-- EXERCISE --
Only the lines below from the one that contains "Java Apartment |" through the one that contains "Villa Party House" should appear in your answer, exact and without pictures.

[Records drawn from a dataset]
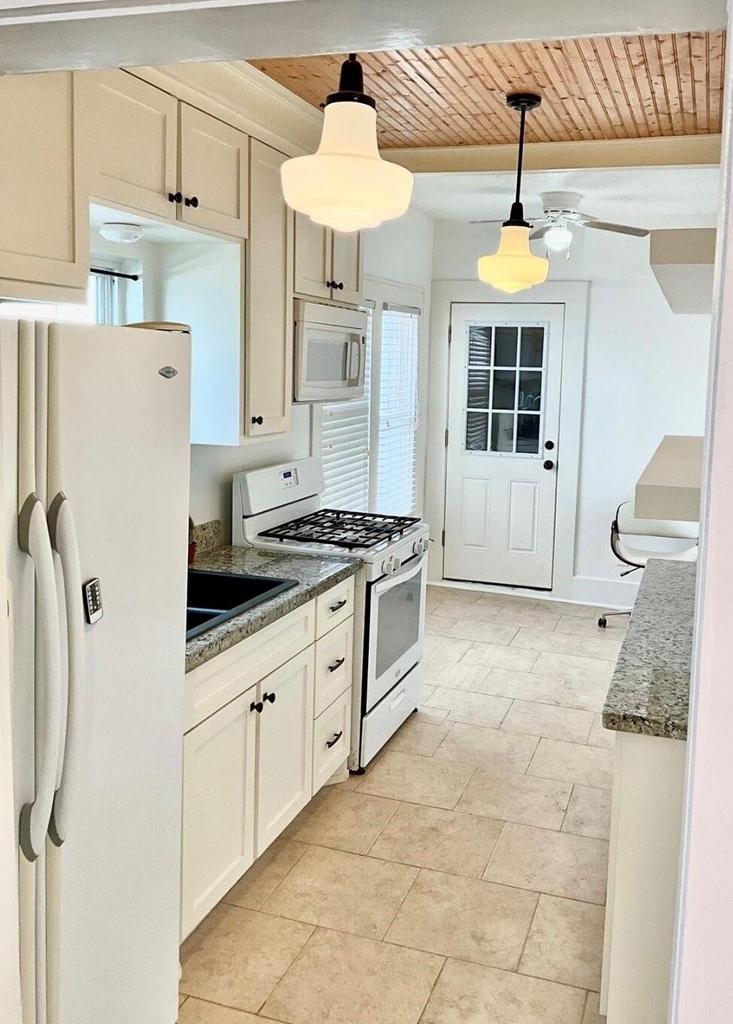 1511 Scharpe Street - Photo 6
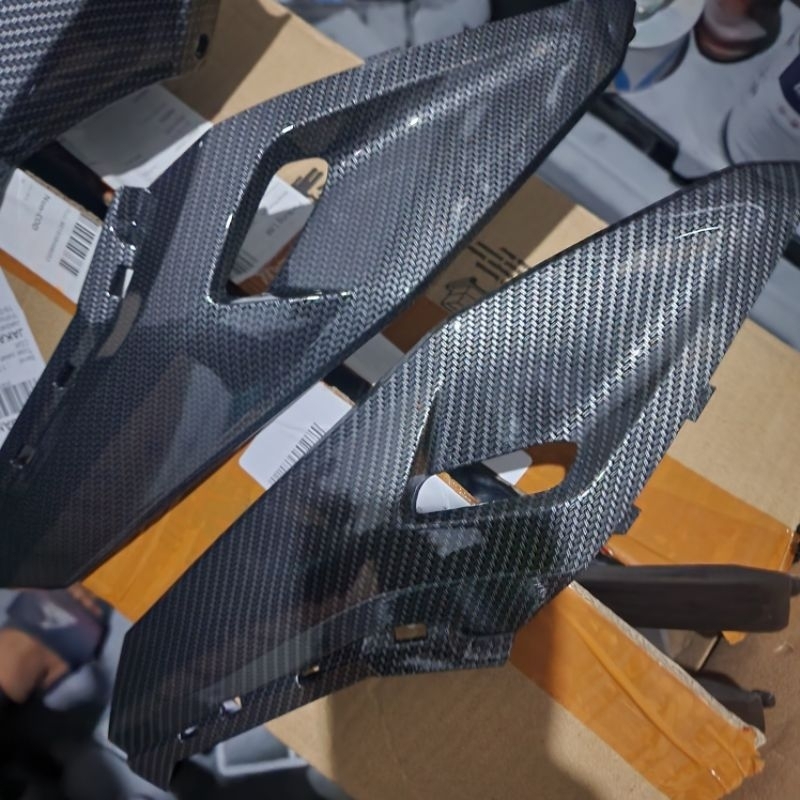 cover sambungan body bawah VARIO 160 carbon
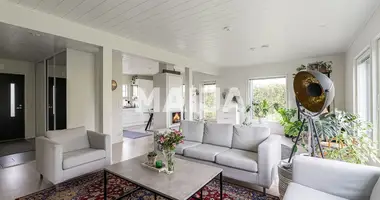 Haus 6 zimmer in Jarvenpaa, Finnland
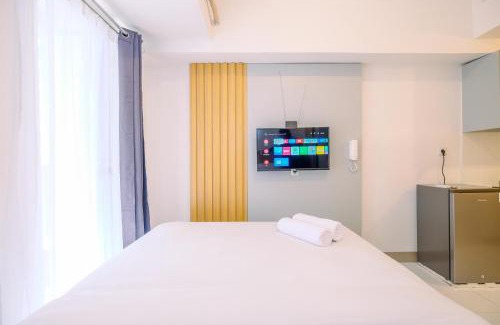 Java Apartment | Well Furnished and Restful Studio Tokyo Riverside PIK 2 Apartment By Travelio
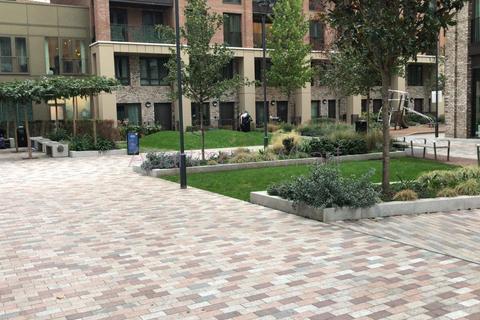 2 bedroom flat to rent, Bouchon  Bouchon Point  Cendal Crescent    (Whitechapel), London, E1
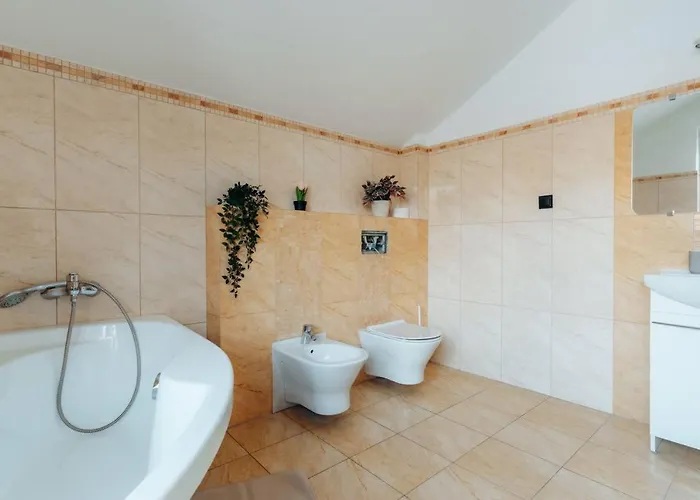 Villa Party House - Private Events & Birthdays *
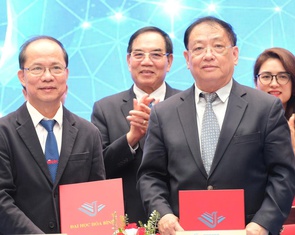 Báo Tuổi Trẻ và Trường đại học Hòa Bình ký kết hợp tác đào tạo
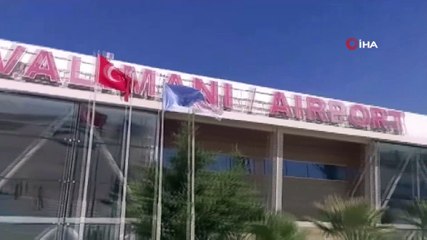 30 Ağustos Zafer Bayramında gelen uçağı Türk Bayrağıyla karşıladı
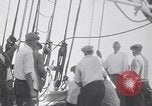 Standbild Racing schoner Gertrude L Thebaud Gloucester Massachusetts USA, 1930, aus Sekunde 21 historischem Filmmaterial Videoclip 65675075495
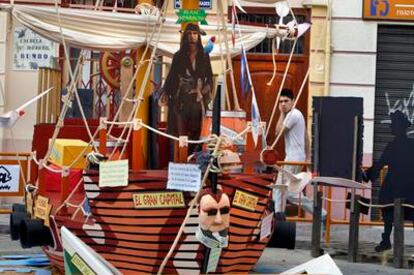 El barco pirata de la falla Arrancapins, premiado por su crítica de la actualidad.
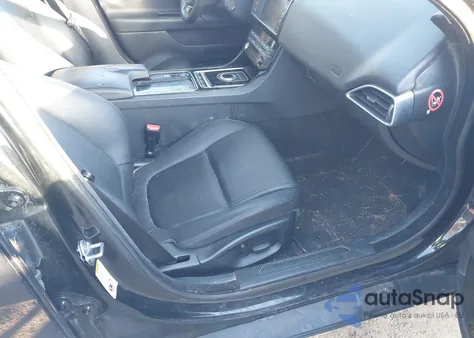 2018 Jaguar Xe 25T Premium из США, поврежденный, VIN SAJAJ4FX2JCP24092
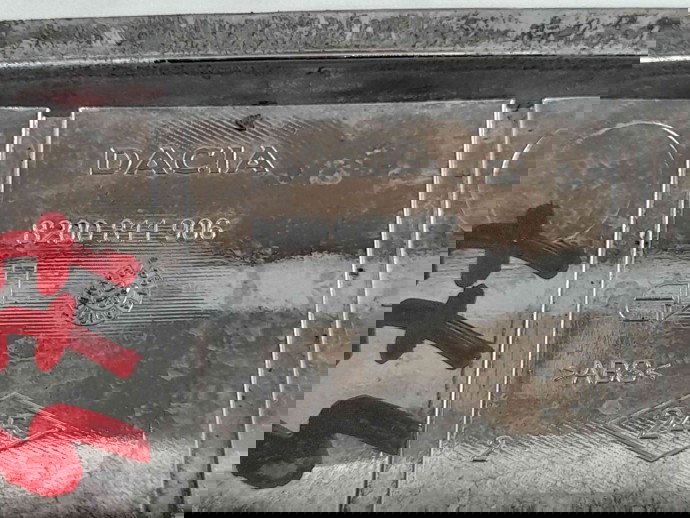 Sigla capota 8200811906 Dacia Sandero [Fabr 2008-2012] 1.6 mpi 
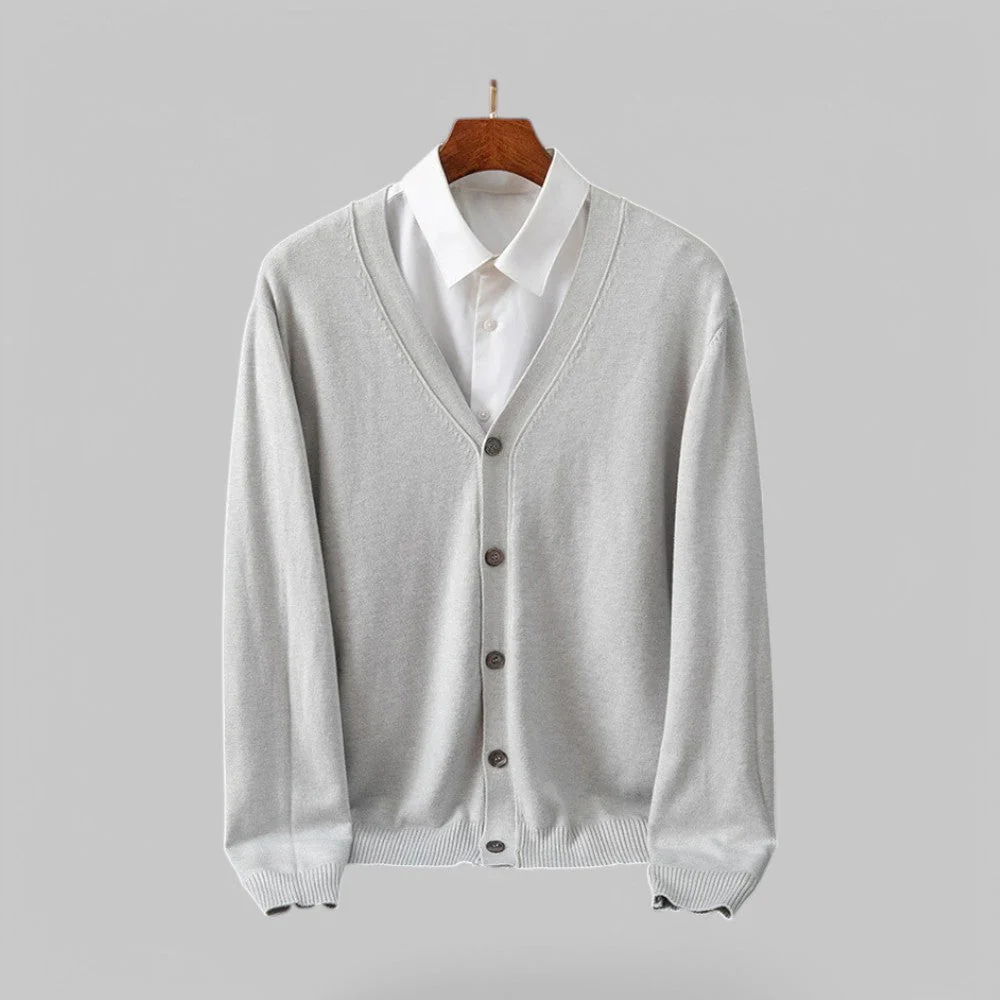 Markus | Vielseitige moderne V Ausschnitt Strickjacke - Image 8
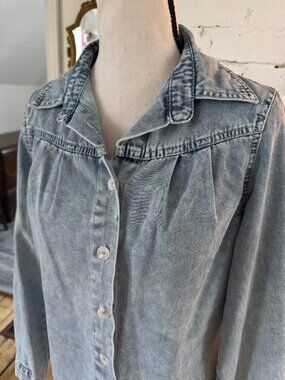 Vintage Acid Wash Denim Button-Up Shirt – Size XS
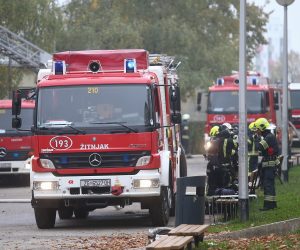 02.11.2020., Zagreb -  Intervencija vatrogasaca radi pozara na krovu na Osnovne skole Mato Lovrak u zagrebackoj Dubravi.
Photo: Matija Habljak/PIXSELL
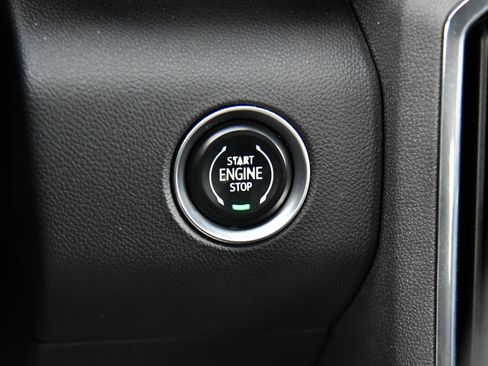 Used 2024 GMC Acadia Elevation image 34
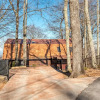 Отель Pine Needle by Avantstay Log Cabin w/ Gorgeous Views, Hot Tub, Patio & Pool Table!, фото 1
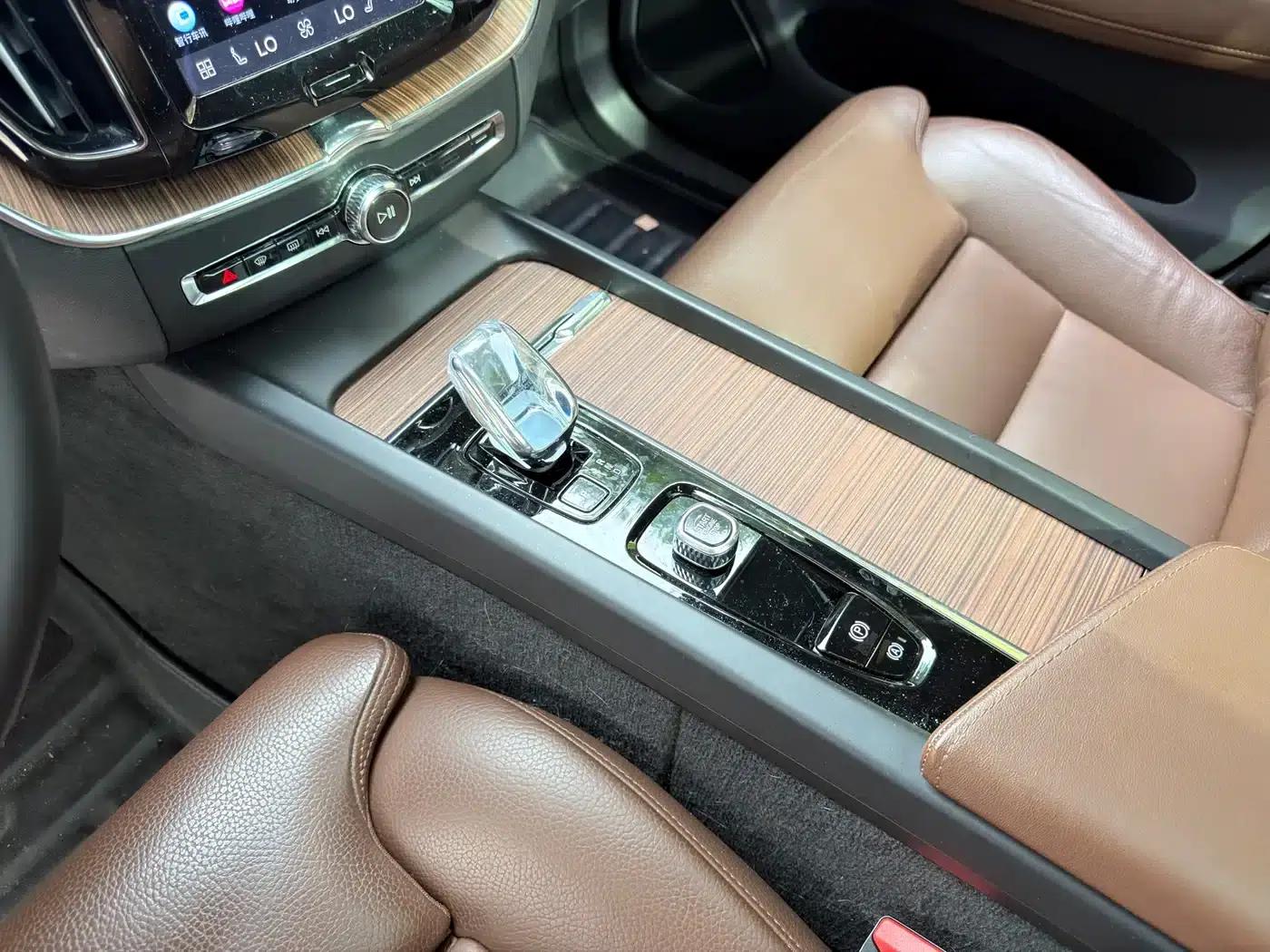 2023 Volvo XC60 B5 AWD Inscription Luxury Edition — миниатюра 9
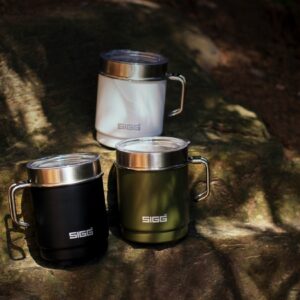 Wer draußen feiert und grillt, möchte vielleicht auch ein heißes Getränk dazu. Damit es bei Eis und Schnee nicht gleich abkühlt, ist es toll, wenn es in einem Thermogefäß steckt. Da ist der „Travel Mug“ von SIGG genau richtig. Er ist ein eleganter, extrem robuster Begleiter aus recyceltem Edelstahl, mit vakuumisolierter Doppelwand, ca. 25 Euro.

-- OUTPUT FOR THIS TASK --
 Java Apartment | Well Furnished and Restful Studio Tokyo Riverside PIK 2 Apartment By Travelio
 2 bedroom flat to rent, Bouchon  Bouchon Point  Cendal Crescent    (Whitechapel), London, E1
 Villa Party House - Private Events & Birthdays *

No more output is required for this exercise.